According to a Northeast survey conducted by our laboratory (Pereira et al., 2013), organic dairies in the region are characterized by herd sizes averaging 58 lactating cows per farm. We also learned that the amount of kelp meal supplementation in the Northeast ranges from less than 1 oz to 7 oz per cow daily (NE SARE; award# G12-049). Using the mean dose of 3 oz per cow recommended by companies such as North American Kelp and Thorvin, kelp meal supplementation would represent additional $5,081 in feed costs per farm (3 oz at $0.08/oz × 58 cows/farm × 365 days). As our data showed no positive impact of kelp meal supplementation on milk production or milk composition, farmers may need to rethink the use of kelp meal in their farms as a generic mineral mix is generally less expensive than kelp. It is well known that many farmers feed kelp meal due to its high concentration of minerals.

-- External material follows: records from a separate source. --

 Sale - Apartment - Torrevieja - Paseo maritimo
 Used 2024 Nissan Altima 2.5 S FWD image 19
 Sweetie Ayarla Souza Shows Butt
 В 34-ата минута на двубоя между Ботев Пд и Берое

Although we did not directly involve farmers in this project, our results can be used by farmers to make informed decisions about kelp meal use in their dairy enterprises. For instance, kelp meal did not improve milk production or milk composition, but it seems to reduce stress in lactating dairy cows. Thus, farmers have the option to decide whether or not kelp meal fit in their farm economic budget. Kelp meal is an expensive supplement and our current and previous results do not support kelp supplementation if farmers’ goals are to improve milk production, milk composition, and feed efficiency. In addition, extension educators, nutritionists, and veterinarians can also make informed decisions, and educate farmers about the pros and cons of feeding kelp meal.

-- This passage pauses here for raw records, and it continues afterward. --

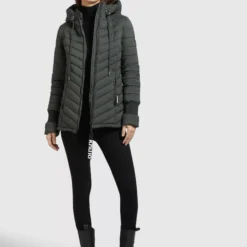 Khujo Winterjacken Jacke Patt Frauen Tanne -Khujo Verkaufsshop a0a726229cf6b8e6370366fa02623536 scaled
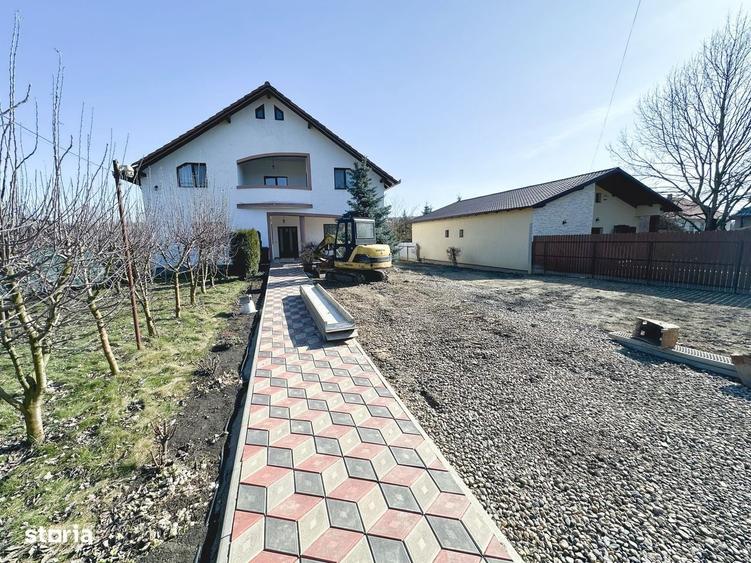 Casă cu 4 camere în Cucerdea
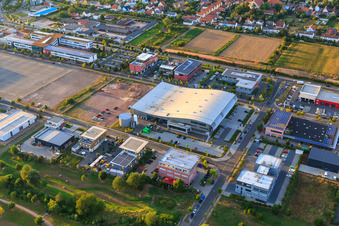 Vue aérienne de Bâtiment incurvé de l'entreprise Eberspächer Controls Landau GmbH & Co. KG à le quartier Queichheim in Landau in der Pfalz dans le département Rhénanie-Palatinat, Allemagne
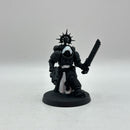 Warhammer 40k: Space Marines Chaplain (AZ250)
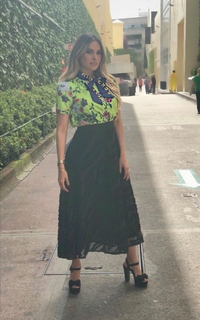 Galilea Montijo feet photo thumbnail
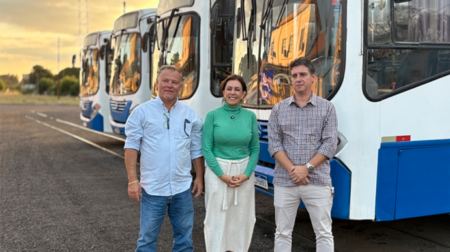Telma Spera, Alexandre Cachorrão e o secretário Leandro Gabrigna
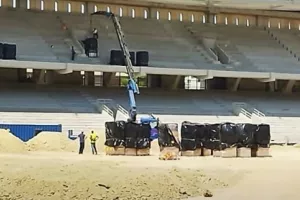 Ξεκίνησε η τοποθέτηση καθισμάτων στην "Αγιά Σοφιά" (βίντεο)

Areas needing additional study
Past and recent survey research revealed that up to 80% of organic dairy farmers in the Northeast and Midwest feed kelp meal. Our laboratory showed some evidence that kelp meal seems to be involved in decreasing animal stress and microorganisms in the rumen associated with methane production. In addition, there is some indication that kelp meal supplementation improves milk quality by reducing milk somatic cells count. Thurs, future research should address the potential role of kelp meal on mitigating methane emissions, as well as its potential effect on improving milk quality and udder health.